My Dear Trevelyan, /

I am very sorry that in the hurry & confusion of packing up & preparing for my journey, I left behind the Dead Nettle, together with the other plants we found in our walk to London. It is consequently lost. I thank you for the Jungermanniæ, & would be much obliged to you, to send me any others that you have named. The “small green plant” that you found, near Stonehenge, is Thesium linophyllum, Rare, 9 counties, not mentioned in Wiltshire. The larger Pea, is Lathyrus sylvestris, Rare, 24 counties, “Abundant in Somersetshire” – Bot. Guide. It is common here. The lesser Pea, with blue & white flowers, is, Vicia sylvatica, Rare, 22 counties, “In many of the woods near Bath” Bot. guide.

The Grass, is “Poa aquatica“ not rare, – It does not grow at Harrow, <2> but I found it the other day, in Gloucestershire.

(Turn Over)

Your Wallington Pea, was Vicia sylvatica. – Orobus sylvaticus is red & yellow. – Will you send me some Club moss in good fructification? – I can find none. Sphagnum latifolium is here in beautiful fructification: do you want any? Orthotrichum striatum is in fructification also, & abundant. Also Bryum capillare, & Neckera viticulosa, in plenty. – The very rare “Pterogonium Smithii“ grows on a Tree near Penrice. I have as yet found it on no other. – I have found also Lichen saxatilis in good fructification. I have found three curious Fungi –

1. The very singular Hydnum repandum.
2. The Beautiful Nidularia Striata.
3. Agaricus procerus.

‘See Sowerby <3>

The A. procerus is actually a foot high! & with a stem only half an inch thick! – As perhaps you may wish for a description of it, I send you the following, from my own observation. –

Agaricus procerus. Withering. Curtis. Sowerby. Flora Danica. Schæffer. Hudson.

A. colubrinus. Bulliard.

Angl. Tall Agaric.

A single plant on Oxwich point.

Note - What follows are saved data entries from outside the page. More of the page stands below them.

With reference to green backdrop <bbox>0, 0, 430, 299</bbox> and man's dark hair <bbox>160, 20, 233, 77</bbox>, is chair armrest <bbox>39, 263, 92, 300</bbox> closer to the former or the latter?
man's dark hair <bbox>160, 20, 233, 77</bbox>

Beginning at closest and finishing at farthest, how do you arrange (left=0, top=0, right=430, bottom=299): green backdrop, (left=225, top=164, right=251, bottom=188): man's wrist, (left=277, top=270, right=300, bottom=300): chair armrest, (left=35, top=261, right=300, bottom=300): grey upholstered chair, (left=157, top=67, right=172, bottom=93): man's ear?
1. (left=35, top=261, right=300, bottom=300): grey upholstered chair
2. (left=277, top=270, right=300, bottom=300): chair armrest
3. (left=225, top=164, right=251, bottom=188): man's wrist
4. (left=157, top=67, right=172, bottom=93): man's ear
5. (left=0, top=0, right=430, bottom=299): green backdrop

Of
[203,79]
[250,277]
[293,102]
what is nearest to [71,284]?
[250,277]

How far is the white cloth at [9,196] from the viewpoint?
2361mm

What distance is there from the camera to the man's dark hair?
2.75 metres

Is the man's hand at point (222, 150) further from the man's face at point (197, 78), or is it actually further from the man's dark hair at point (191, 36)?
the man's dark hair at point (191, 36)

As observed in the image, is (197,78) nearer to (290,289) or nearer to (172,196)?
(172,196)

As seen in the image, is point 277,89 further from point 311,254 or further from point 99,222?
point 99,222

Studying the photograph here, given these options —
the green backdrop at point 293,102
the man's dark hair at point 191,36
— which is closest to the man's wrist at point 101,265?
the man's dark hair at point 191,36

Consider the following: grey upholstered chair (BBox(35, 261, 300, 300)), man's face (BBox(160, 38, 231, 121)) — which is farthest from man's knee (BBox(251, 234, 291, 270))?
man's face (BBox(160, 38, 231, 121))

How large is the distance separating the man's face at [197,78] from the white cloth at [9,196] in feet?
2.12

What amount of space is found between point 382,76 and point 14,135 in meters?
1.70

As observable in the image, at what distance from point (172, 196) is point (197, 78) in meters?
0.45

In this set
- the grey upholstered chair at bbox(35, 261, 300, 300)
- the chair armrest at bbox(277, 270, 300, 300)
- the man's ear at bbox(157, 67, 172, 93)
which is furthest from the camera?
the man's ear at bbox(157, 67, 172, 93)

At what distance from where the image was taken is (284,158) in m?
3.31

August 1815.

Root bulbous, with fibres: – bulb twice the thickness of the stalk, inside quite white & spongy.

Stalk a foot high, more than ½ an inch thik, light brown , with black scales, shining & satiny, easily splitting, & hollow within.

Ring an inch & a half from the top of the stem, snow white, very loose & tender.

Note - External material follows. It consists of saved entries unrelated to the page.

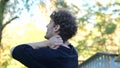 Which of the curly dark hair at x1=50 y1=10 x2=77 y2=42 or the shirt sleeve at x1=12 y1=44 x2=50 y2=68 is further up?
the curly dark hair at x1=50 y1=10 x2=77 y2=42

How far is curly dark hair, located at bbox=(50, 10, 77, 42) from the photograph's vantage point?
2.92 m

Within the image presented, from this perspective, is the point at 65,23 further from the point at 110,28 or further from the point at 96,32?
the point at 96,32

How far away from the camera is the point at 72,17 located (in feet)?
9.68

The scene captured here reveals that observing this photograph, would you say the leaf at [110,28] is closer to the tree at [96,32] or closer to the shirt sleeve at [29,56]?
the tree at [96,32]

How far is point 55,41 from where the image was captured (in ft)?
9.33

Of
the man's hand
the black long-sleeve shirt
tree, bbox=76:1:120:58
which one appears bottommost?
tree, bbox=76:1:120:58

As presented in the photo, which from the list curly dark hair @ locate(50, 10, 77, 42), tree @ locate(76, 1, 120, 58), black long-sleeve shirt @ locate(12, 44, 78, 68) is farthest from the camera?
tree @ locate(76, 1, 120, 58)

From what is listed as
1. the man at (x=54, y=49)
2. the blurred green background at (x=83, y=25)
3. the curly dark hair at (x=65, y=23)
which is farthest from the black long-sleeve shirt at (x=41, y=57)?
the blurred green background at (x=83, y=25)

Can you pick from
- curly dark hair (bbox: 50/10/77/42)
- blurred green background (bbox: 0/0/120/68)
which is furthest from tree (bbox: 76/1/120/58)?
curly dark hair (bbox: 50/10/77/42)

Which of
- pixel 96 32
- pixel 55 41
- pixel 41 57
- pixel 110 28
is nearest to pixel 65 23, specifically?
pixel 55 41

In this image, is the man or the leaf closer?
the man

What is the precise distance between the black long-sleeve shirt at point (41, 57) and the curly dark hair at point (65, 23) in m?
0.13

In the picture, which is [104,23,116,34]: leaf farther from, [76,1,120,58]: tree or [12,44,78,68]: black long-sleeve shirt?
[12,44,78,68]: black long-sleeve shirt

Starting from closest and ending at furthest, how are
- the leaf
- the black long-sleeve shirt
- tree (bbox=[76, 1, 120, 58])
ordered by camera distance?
the black long-sleeve shirt → the leaf → tree (bbox=[76, 1, 120, 58])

Pileus horizontal, slightly convex, 5½ by 5 inches cross, light brown, scaly, with a brownish black boss or knob in the centre.

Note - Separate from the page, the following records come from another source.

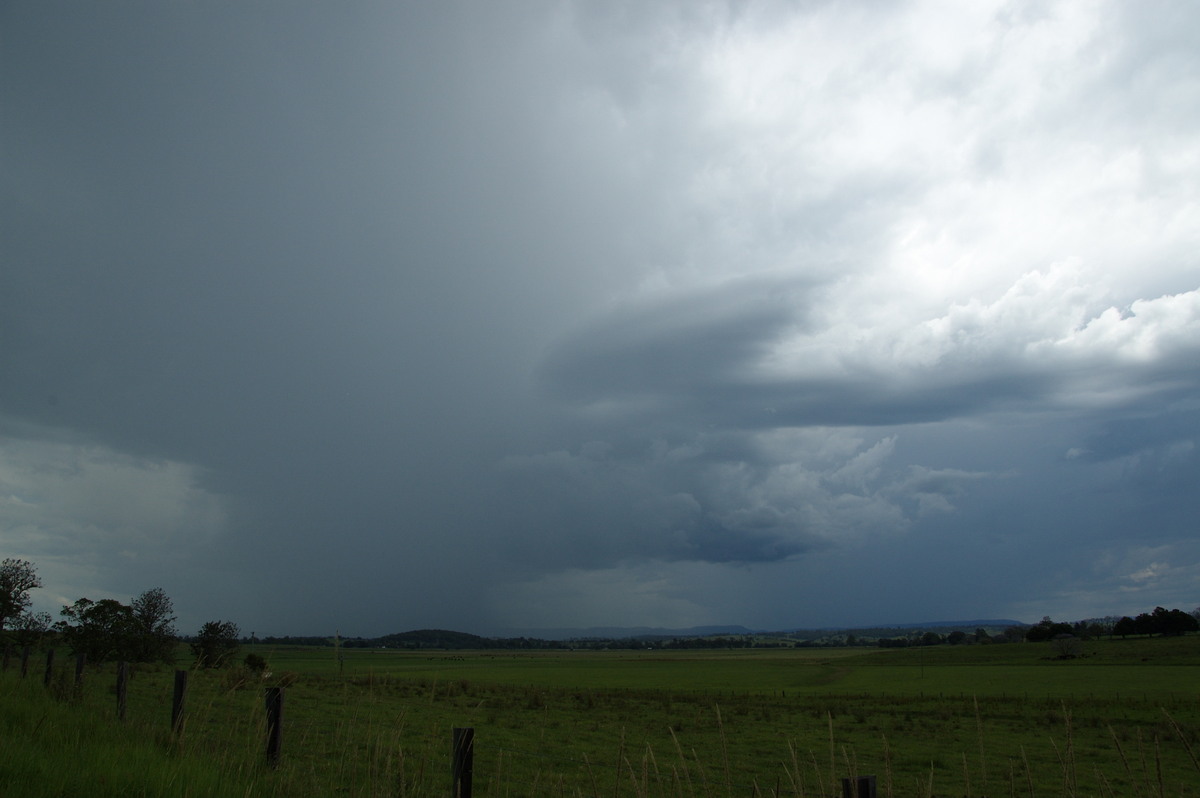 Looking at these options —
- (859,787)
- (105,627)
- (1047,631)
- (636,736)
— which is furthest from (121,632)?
(1047,631)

Gills pure white, equal, 1 or 2 in a set, not touching the stem, but all ending in a circular ring or collar, a quarter of an Inch thick, & the same distance from the stem.

If you like this description, I can send you others. I have found a great number of Rare plants, of which I will send you a list in my next, if you wish it. I remain,

Yrs sincerely,
W.H.F. Talbot.

P.S. Yesterday there was a Three Masted Vessel, in sight, bearing Dutch colours, which are so – [illustration] which the ignorant people mistook for a French frigate, with Buonaparte <4> on board, on account of the tricoloured flag; – but in his, the stripes are vertical.

[illustration of a fungus]

[address panel:]
W. C. Trevelyan Esq.
Nettlecombe
Nr Taunton
Somersetshire.
Helvella Gelatinosa <5>


Notes:

1. Penrice Castle and Penrice House, Gower, Glamorgan, 10 mi SW of Swansea: home of Christopher Rice Mansel Talbot.

2. Harrow School: WHFT attended from 1811–1815 and his son Charles from 1855-1859.

3. James Sowerby (1757–1822), artist and scientific illustrator.

4. Napoleon I, Emperor of France (1804–1814/1815)

5. Possibly written in W.C.Trevelyan’s hand at the back of address panel.